Posted by Bert Decker   |   October 25th, 2005   |   Leave a Comment   |  Tweet This

Effective leaders are great communicators – here’s an application of a powerful leadership principle on being a better communicator…

In a recent edition of the Harvard Business Review , University of Michigan professor Robert E. Quinn introduced the concept of the Fundamental State of Leadership – a heightened perspective, and one that’s inherent in all of us.

“In the normal state people tend to stay within their comfort zones and allow external forces to direct their behaviors and decisions. They lose moral influence and often rely on rational argument and the exercise of authority to bring about change…the result is usually unimaginative and incremental – and largely produces what already exists. To elevate the performance of others, we must elevate ourselves into the fundamental state of leadership.”

We’ve all been there in our personal and professional lives – a time of crisis where we rise to the occasion and overcome the challenge. If we force ourselves into the fundamental state, rather than waiting for crisis to knock at our door, we’ll get better and better. And so too is the case with communications. Quinn says that getting there requires a shift along four dimensions.

So, what does this mean for communicators ?Graphic_o245_13

  1. Don’t stick with what’s comfortable. Instead of standing in one place during a presentation, move and create energy. Actively pursue speaking engagements that push your comfort zone, where you can practice the behavioral skills of communication.
  2. Master the Natural Self – that special combination of your unique personality, mind, opinions and behaviors. Don’t become someone you’re not.

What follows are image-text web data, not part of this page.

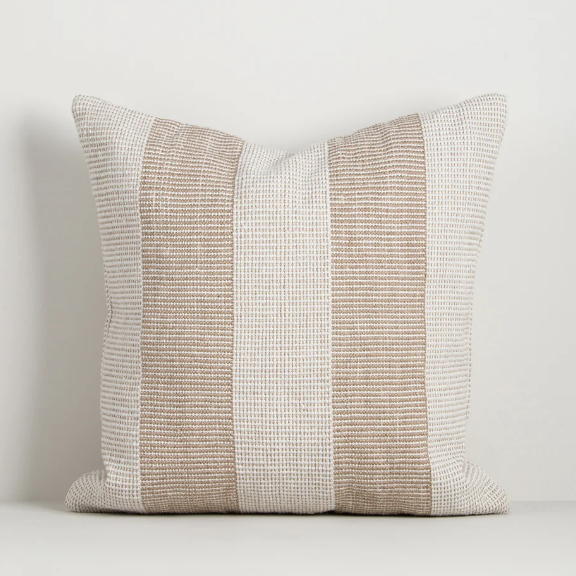 Shop the Baya Tide Outdoor Cushion at Comber and Comber. Handwoven from recycled PET with a textured linear design. Available in multiple colours.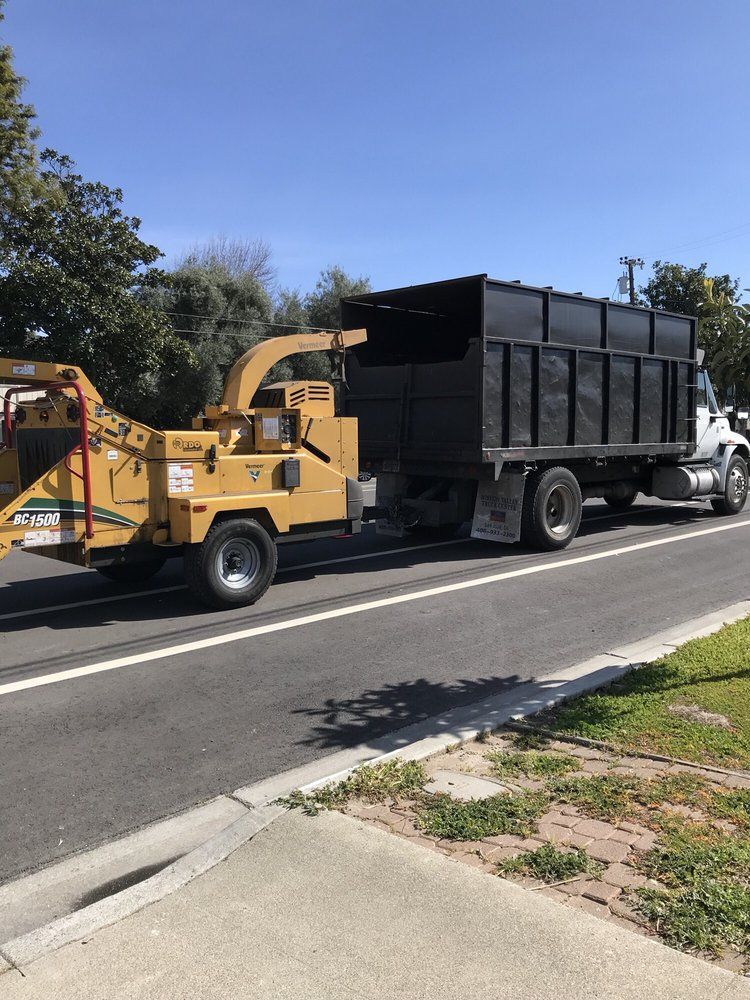 A truck with a chipper attached to it is parked on the side of the road.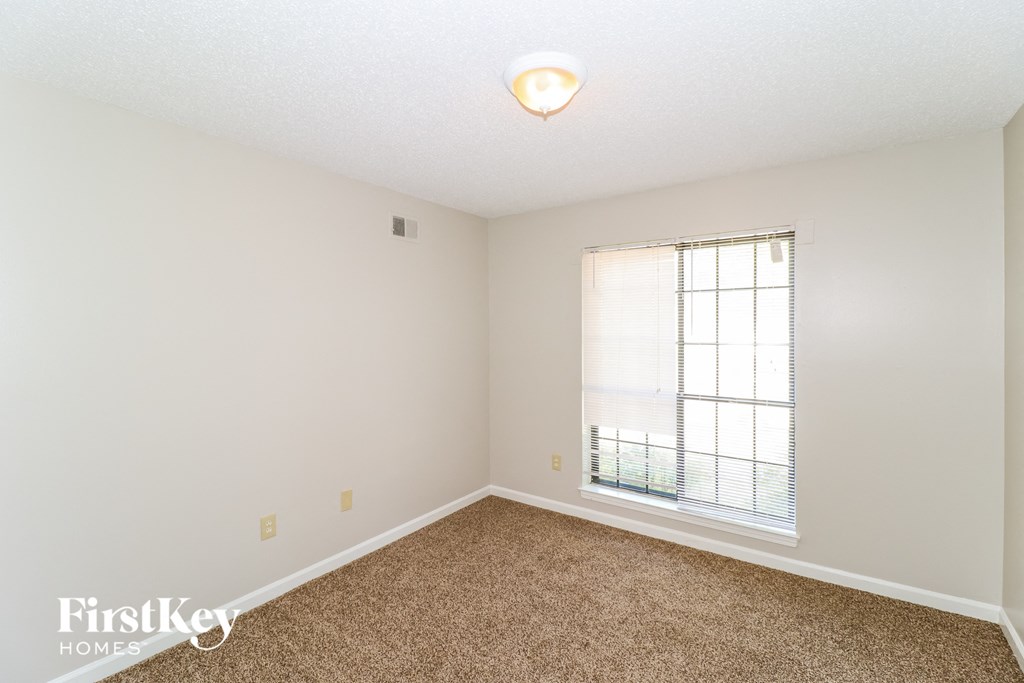 a spacious bedroom with a large window and carpeted flooring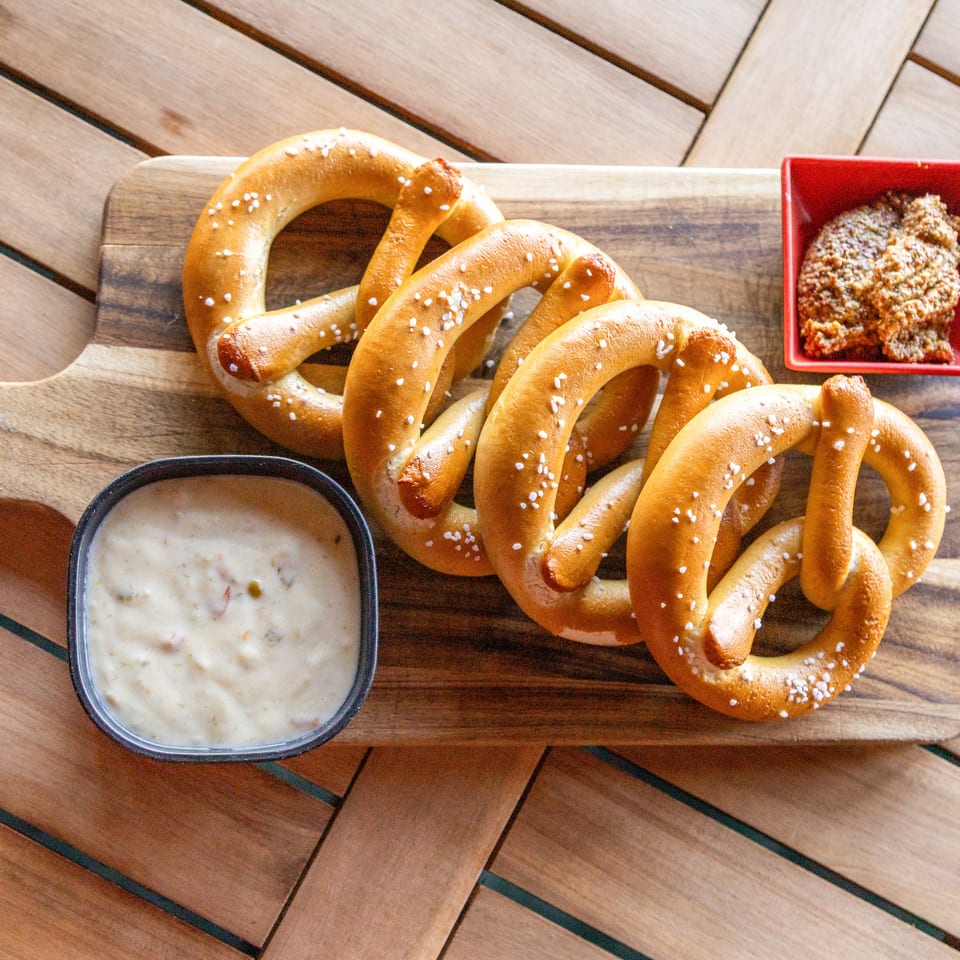 Salted soft pretzels on a wooden serving board with creamy dipping sauce and coarse mustard.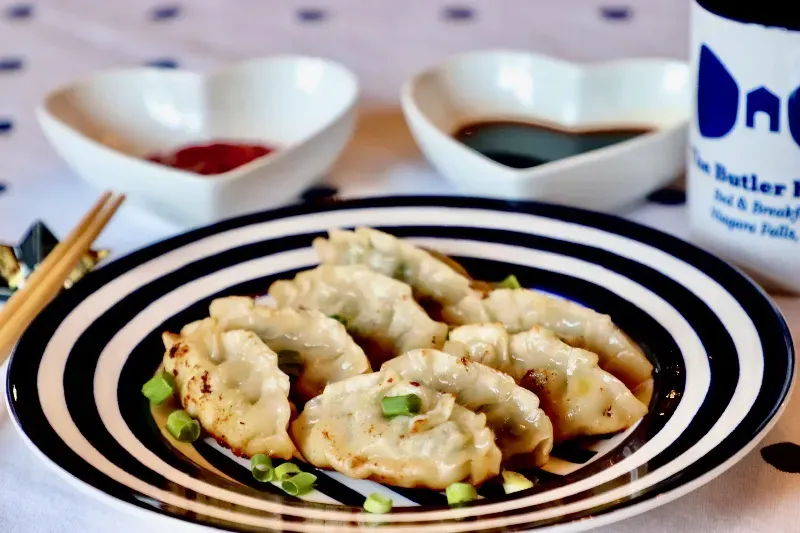 A black and white striped plate with dumplings on it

Harnessing the Natural Self while communicating will increase your ability to connect with others, because you’re just being you – confident and relaxed.
  3. Create listener-focused messages. State early and openly the audience’s WIIFM – What’s In It For Me?, action steps and benefits.
  4. Read and adjust. Practicing is good, but not if you can’t adapt to external cues. Create an experience that’s specific to your audience – whether it’s one person, or one hundred.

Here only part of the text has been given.